In State of Gujarat v. Ambica Mills MANU/SC/0092/1974 : (1974) 4 SCC 656, the Constitution Bench explained the concept of reasonable classification (reference is drawn to paras 54 and 60, 61)
Another Constitution Bench in Shakawat Ali v. State of Orissa, MANU/SC/0093/1954 : AIR 1955 SC 166 in para 10 held as follows:-
"The simple answer to this contention is that legislation enacted for the achievement of a particular object or purpose need not be all embracing. It is for the Legislature to determine what categories it would embrace within the scope of legislation and merely because certain categories which would stand on the same footing as those which are covered by the legislation are left out would not render legislation which has been enacted in any manner discriminatory and violative of the fundamental right guaranteed by Article 14 of the Constitution."
Further, the denominational temples have certain other additional rights which they enjoy in contradistinction to the rights and privileges of public temples. In this regard reference is made to Venkataramana Devaru v. State of Mysore MANU/SC/0026/1957 : AIR 1958 SC 255 (paras 24 and 32).

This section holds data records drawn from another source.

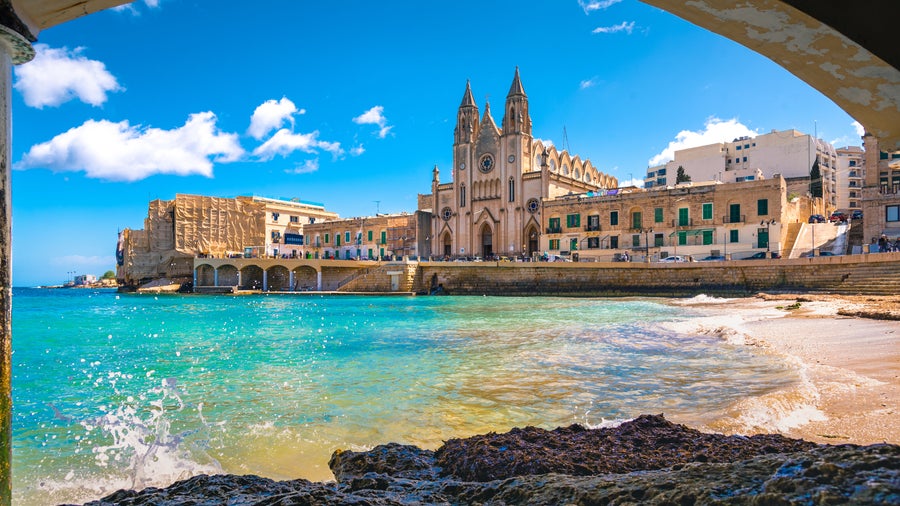 Saint Julian's beach in Malta with historic buildings in the background, including the iconic Balluta Buildings overlooking Balluta Bay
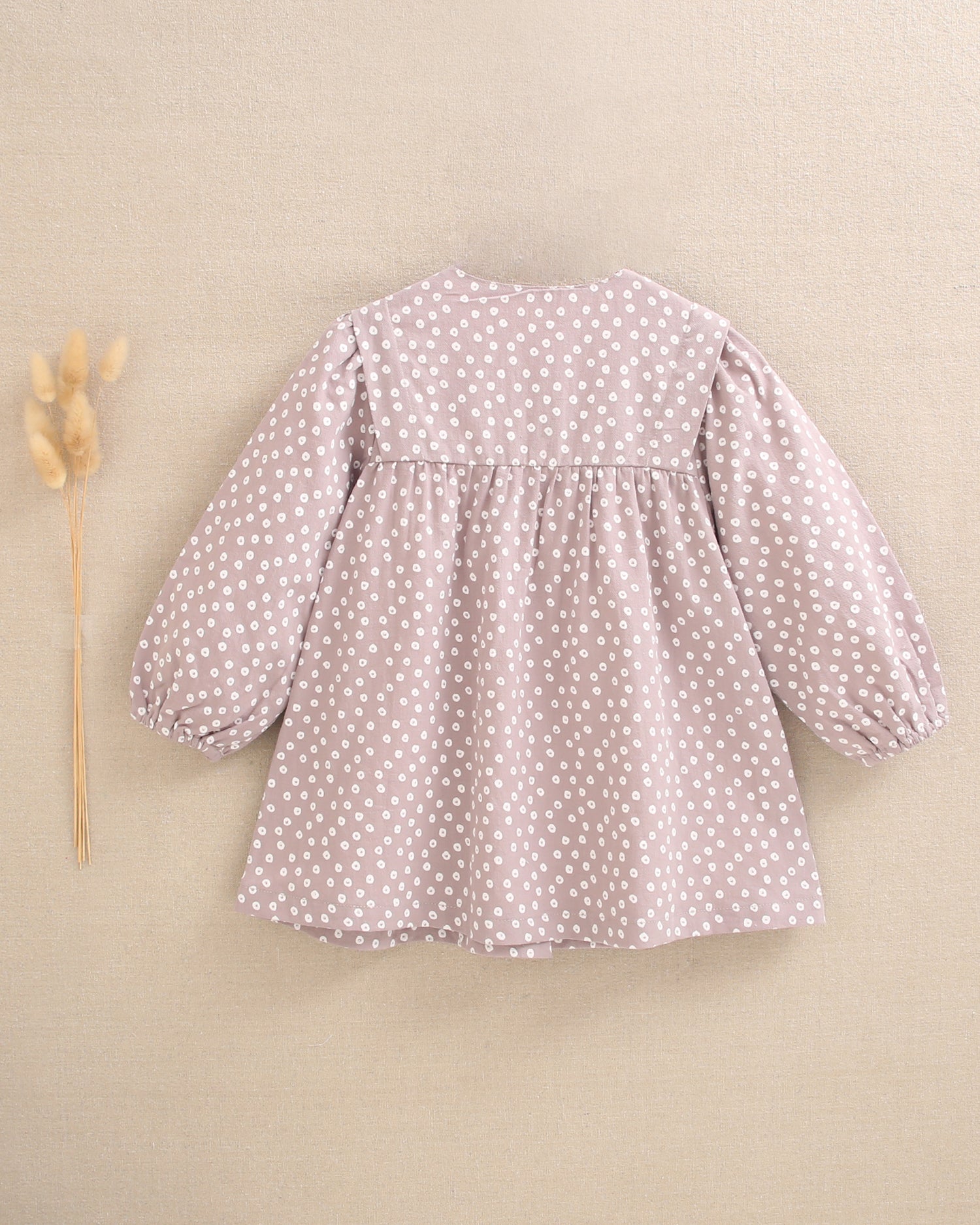Vestido de bebé niña malva con estampado geométrico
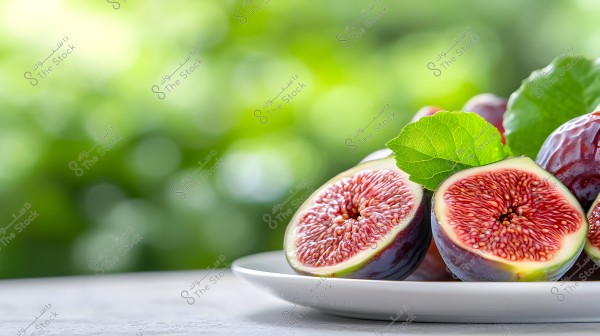 An image showing a white plate with three ripe figs cut in half. The inner details of the figs are visible with their vibrant red color and tiny seeds. Green leaves on some figs add a sense of freshness. The background is blurred with green hues, emphasizing the beauty and clarity of the figs in the foreground.
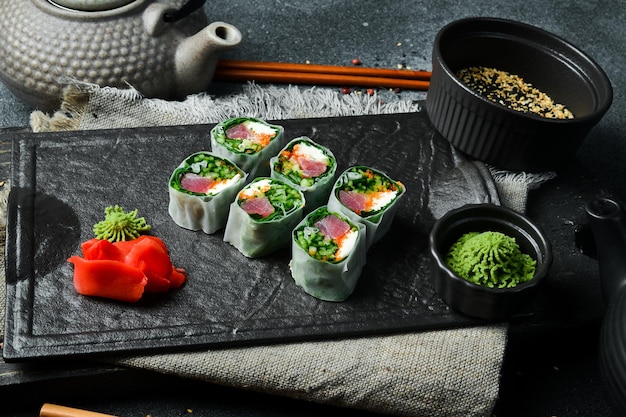 Sushi-Rollen mit Kohl, Thunfisch und Avocado mit Wasabi-Sauce und eingelegtem Ingwer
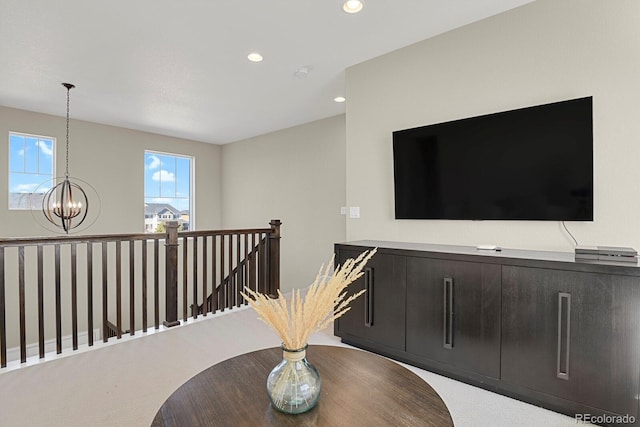 hallway with a chandelier, recessed lighting, and an upstairs landing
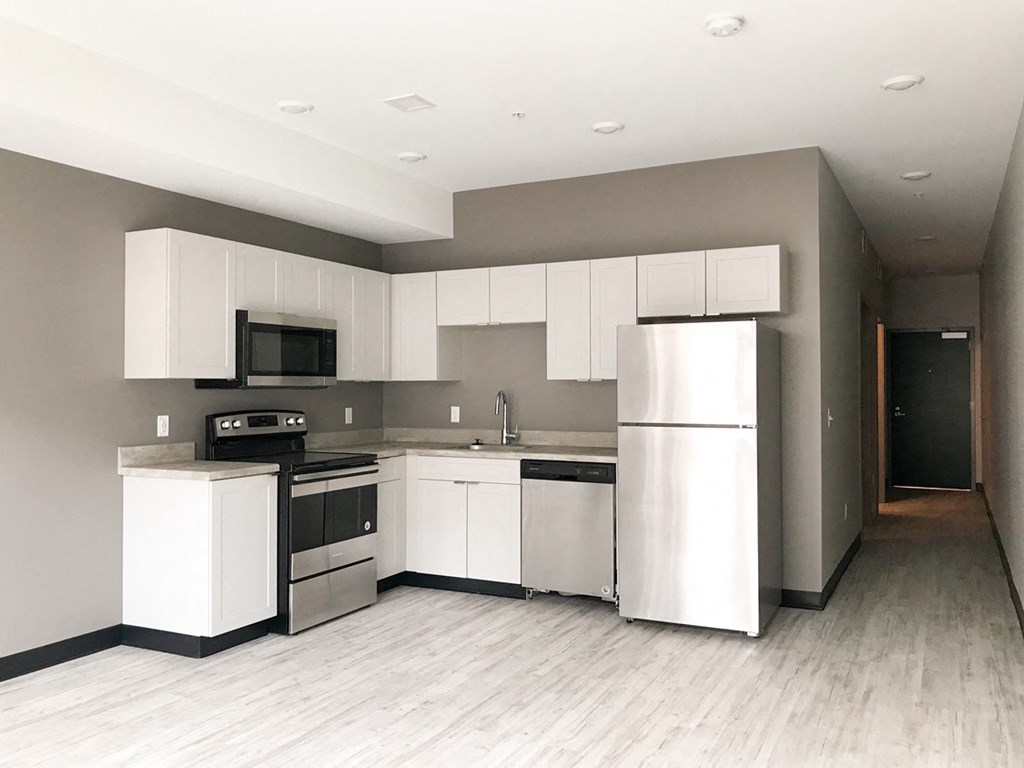 an empty kitchen with white cabinets and stainless steel appliances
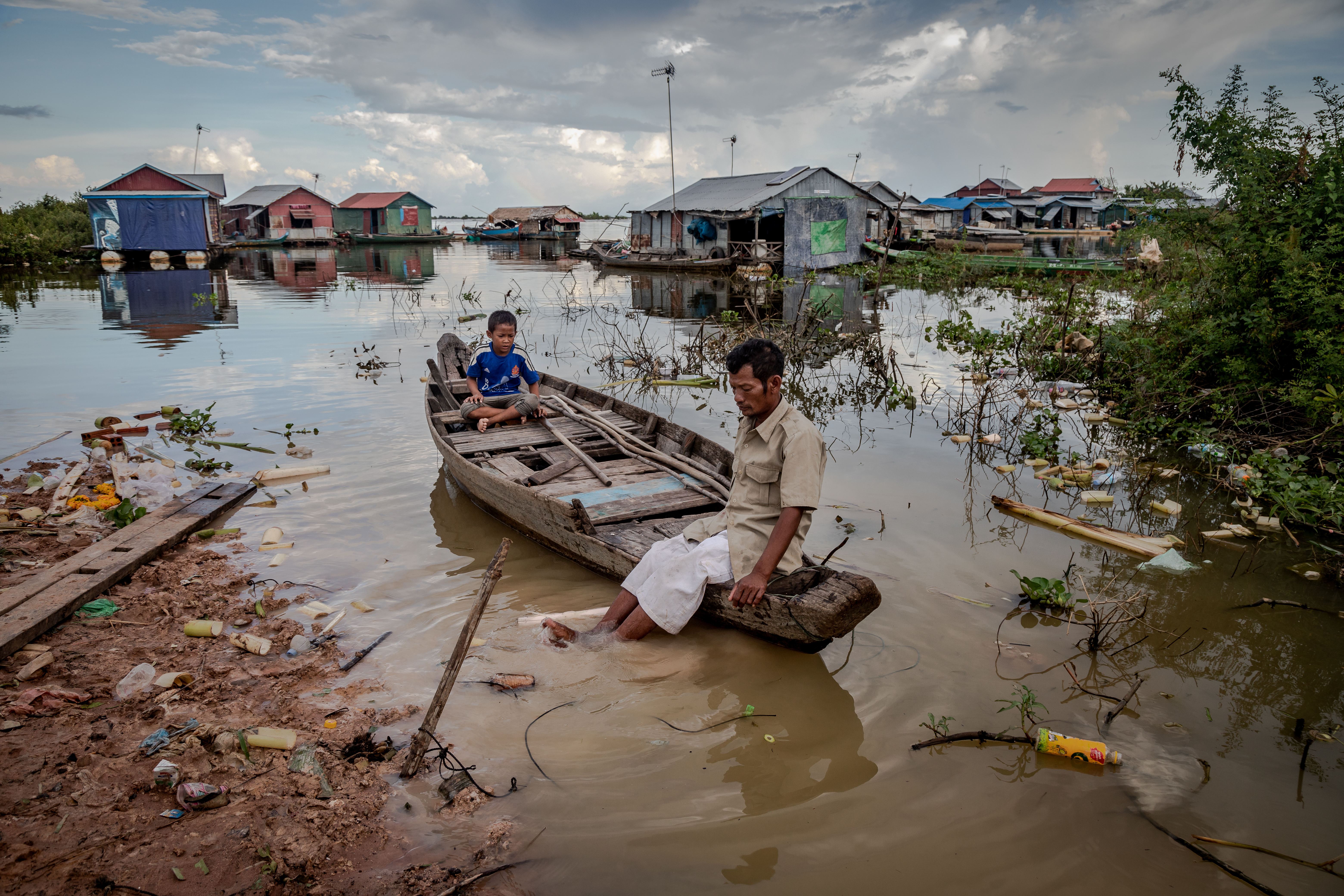 A fisherman and his son use a wooden boat to cross the water to get to their stilt house in Chong Kneas, Siem Reap, in October 2018.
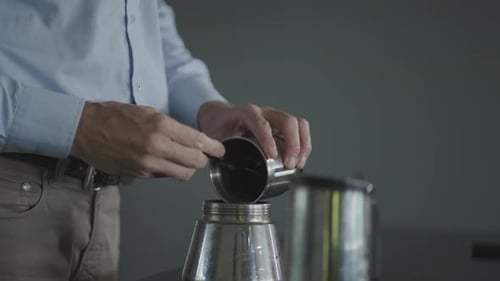 Man Adding Coffee Grounds to Moka Pot for Fresh Morning Brew. Artisanal Coffee Preparation Close-Up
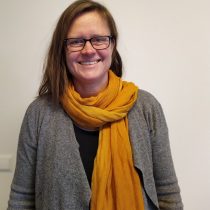 Porträt AK Das Bild zeigt eine Frau. Die Frau hat braune, lange Haare und blaue Augen. Sie hat eine Brille. Sie trägt einen gelben Schaal und eine graue Woll-Jacke.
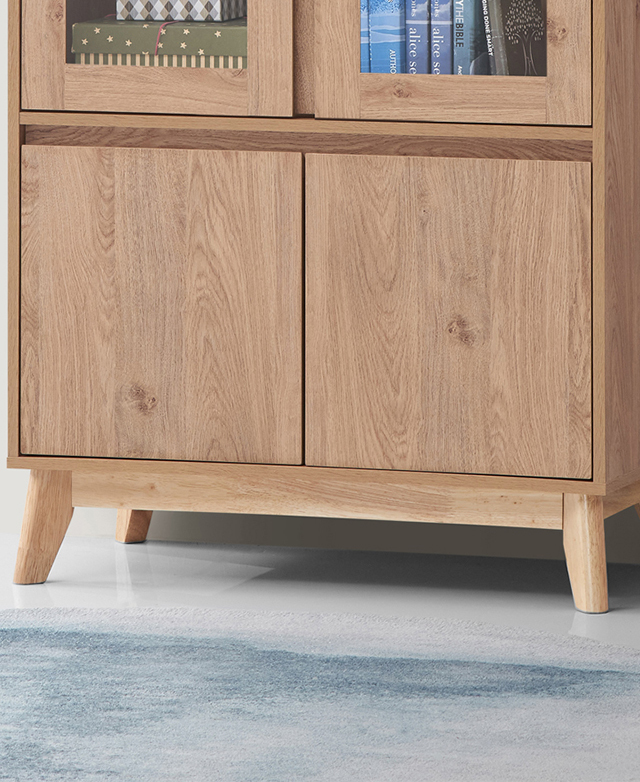 The gently splayed rubberwood legs, and the plinth, are shown beneath the cupboards of the cabinet. The gently splayed rubberwood legs, and the plinth, are shown beneath the cupboards of the cabinet.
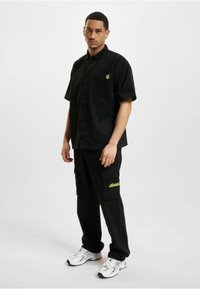 Black short-sleeve shirt with a chest pocket and green logo, paired with black cargo pants featuring side pockets and yellow embroidery. White sneakers.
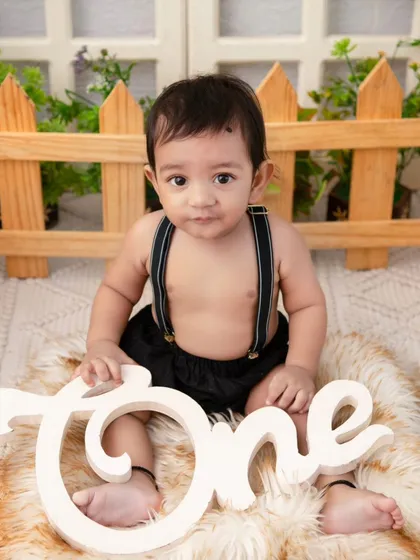 A simple and sweet portrait in a rustic setting. The 'One' sign and furry rug are perfect props for a first birthday shoot.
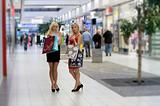 two blond shopping woman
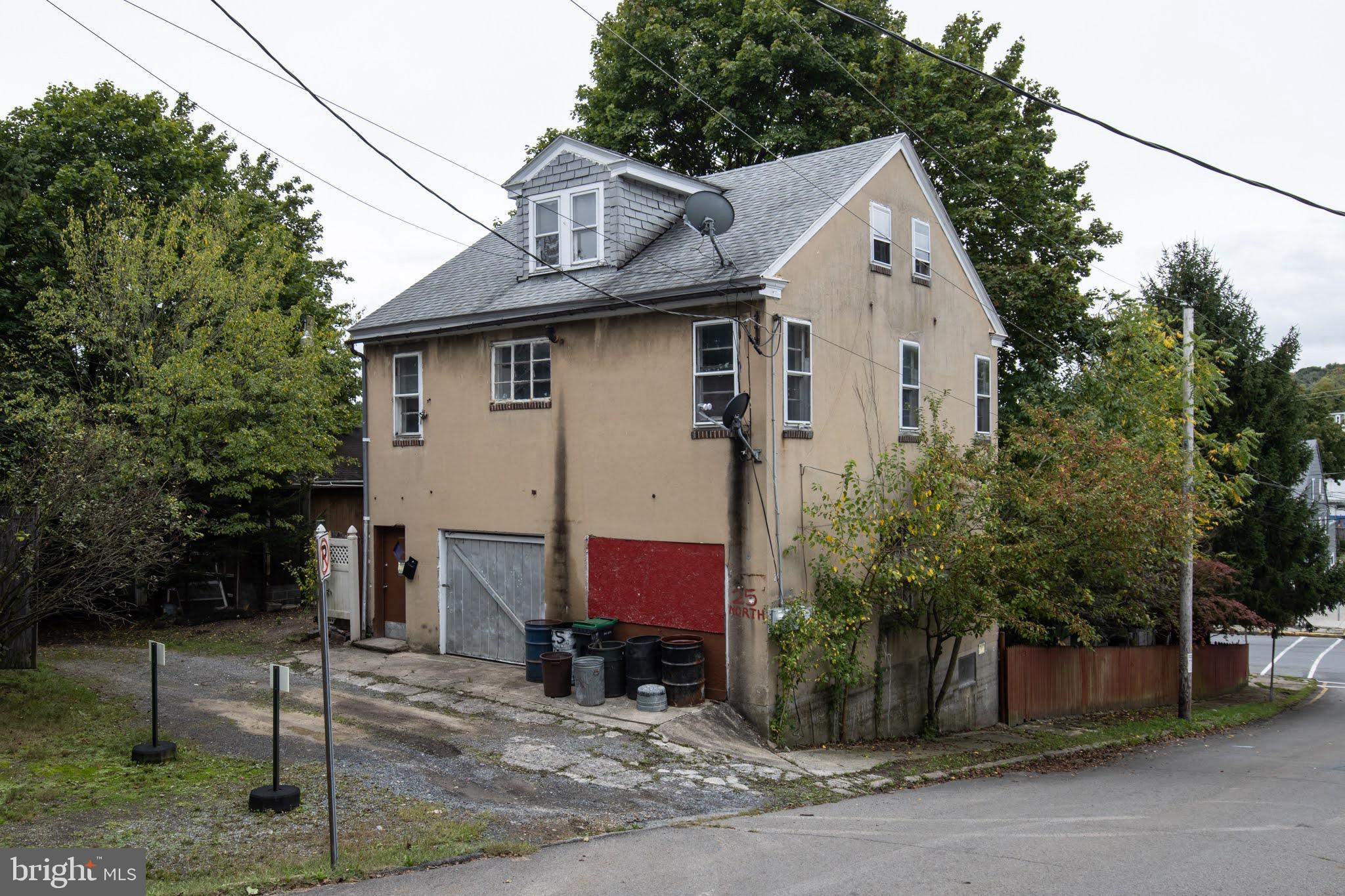 a view of a house with a yard and tree s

As regards the contention that the impugned legislation is in breach of the dictum of the Apex Court in Admar Mutt case, where the need for a uniform legislation was emphasized. Attention is drawn to the following passage therein:
"A comprehensive legislation which will apply to all temples and Mutts in Karnataka, which are equally situated in the context of the levy of fee, may perhaps afford a satisfactory solution to the problem. This, however, is a tentative view-point because we have not investigated whether the Madras Act of 1951, particularly Section 76(1) thereof, is a piece of hostile legislation of the kind that would involve the violation of Article 14. Facts in regard thereto may have to be explored, if and when occasion arises."
And it is contended that a "tentative viewpoint" which is not the outcome of any investigation from the highest court cannot be approximated to a direction or a mandamus giving rise to a valid cause of action. The only question before the Supreme Court was whether the continued application of the Madras Hindu Religious and Charitable Endowments Act to South Kanara was violative of Article 14. The Supreme Court infact dismissed the appeal of the petitioners.
In regard to the primary contention of the petitioners that when the Principal Act was struck down by a Division Bench of this court the Act is dead, void ab initio, and that the order of stay granted by the Apex Court also cannot breathe life into it, is concerned, it is pointed out that the Supreme Court itself has said in its order dated 24.3.2015 that the consequence of the stay is that the "Act will be in force", hence there is no merit in the present contention.
What is the effect of interim stay granted by the Supreme Court cannot be subject matter of issue before this Court, when the Supreme Court itself has said that the Act will be in force.
Even if the Supreme Court had not observed that the Act will be in force because of the stay the decisions rendered by the Supreme Court clearly point out the same.
In the case of Indira Nehru Gandhi vs. Raj Narain and another, MANU/SC/0304/1975 : 1975 Supp SCC 1 the Supreme Court has held:
"The legal effect of that stay order was that the trial court's order.........................., "shall be deemed never to have taken effect"... It did not matter if the stay order, out of deference for existing precedents, had been framed in the form of a "conditioned" stay that is to say, a stay in law and effect with certain conditions annexed."
"The operation of the judgment of the trial Court and the consequential orders are stayed only on "sufficient cause" shown on the facts of that case."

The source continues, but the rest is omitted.